Polina's FS sounds really interesting!

Anna POGORILAYA
Music Short Program / Short Dance as of season 2017/2018
Esperanza by Maxime Rodriguez
Music Free Skating / Free Dance as of season 2017/2018
Swan Lake by Petr I. Tchaikovski
 
I'm glad to see Mariah taking the necessary steps to keep her National podium goals alive - front and center. When Mariah is skating consistently clean, everyone should take note and be a little nervous. I hope that she has a solid season and that she keeps focused on what she can control. Mariah is in the right spot, she does not have quite the pressure and new expectations weighing on her that a few of the other ladies do, but, she can indeed rock the boat, much like Bradie Tennell. A nice position to be especially in an Olympic year.
 
So, perhaps I should have described him (Jose) as a homicidal wannabee, since the only one in the opera he can overcome physically is Carmen.
-----
But it's all Carmen's fault, because she's so meeeean.

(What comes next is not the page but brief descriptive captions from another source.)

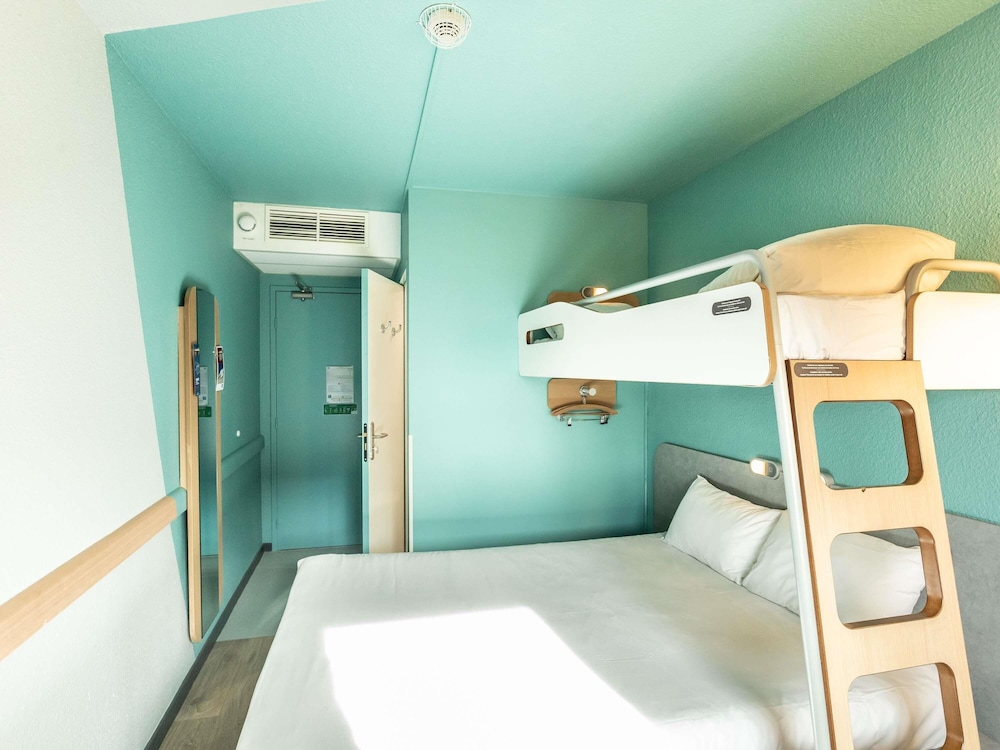 Ibis Budget Bourges 26/46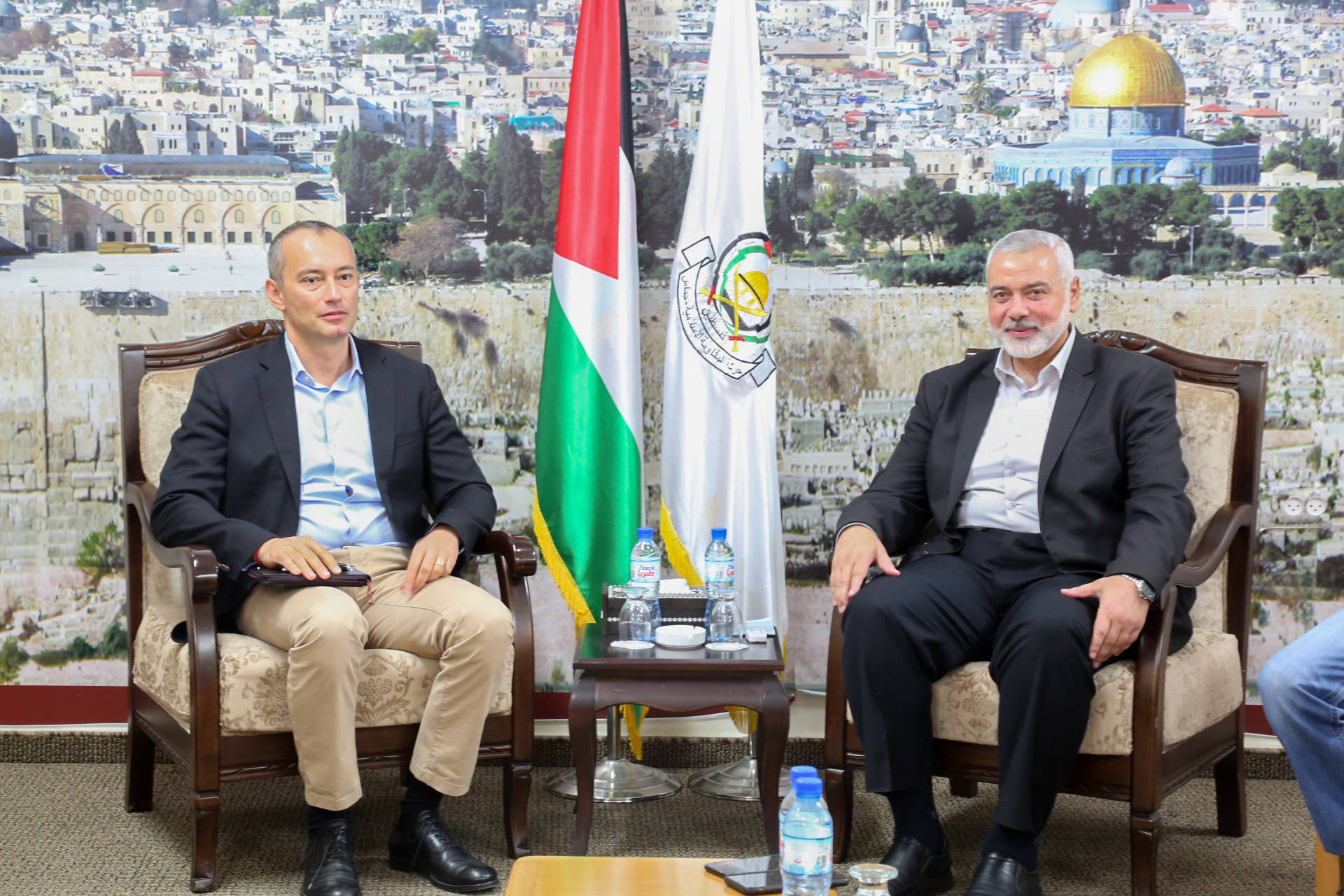 מלאדנוב בפגישה בעזה עם ראש חמאס בעבר הנייה, יוני 2019. צילום: רויטרס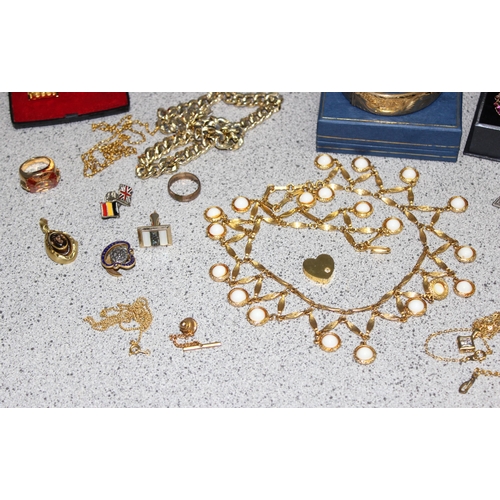 1188 - Qty of assorted gold plated jewellery and a number of military related badges etc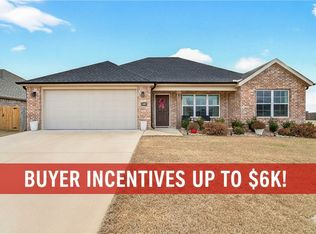 603 Woodplains Ave, Tontitown, AR 72762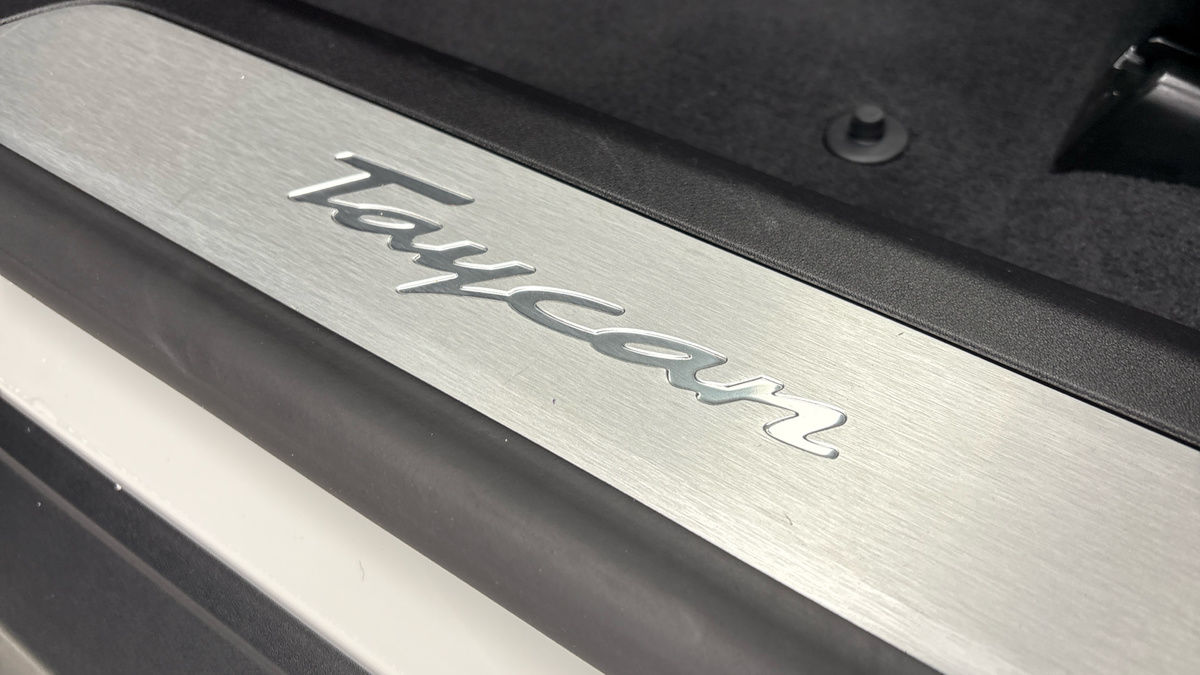 Porsche Taycan Image 26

I am not going to argue this one.... But i just remembered this story, don't know why.... :lol:

There is an anecdote said to be told by Picasso himself in his later years:
“I was on a riverbank, practicing some landscapes. I dipped my brushes into the water to wash the acrylic out. Not far down the stream there was a boy with his Mother. Boy was playing with sticks in the water; he sees me, then looks at the water, turns to Mother and says, pointing in my direction: Look Mother! Some filthy hobo is making water dirty!
 
According to her comments to Japanese media after the FS, Anna Karenina will be Medvedeva’s FS from now on.

A good decision. Now if only Med would tone down her OTT angsty facial expressions and faux drama. I think she had some very lovely moments in the Anna Karenina fp, and as others have noted, her tendency to over-dramatize works better with this music and storyline. Still less is better when it comes to those arch facial expressions.

Next I want to see Med as Coppelia. She's definitely got the doll-like physique and those gorgeous round baby brown eyes. I'm surprised no one on her team thought of this perfect music theme for her. It's likely due to their ill-advised tendency to always want to make Med look so much older and old womanish than her age.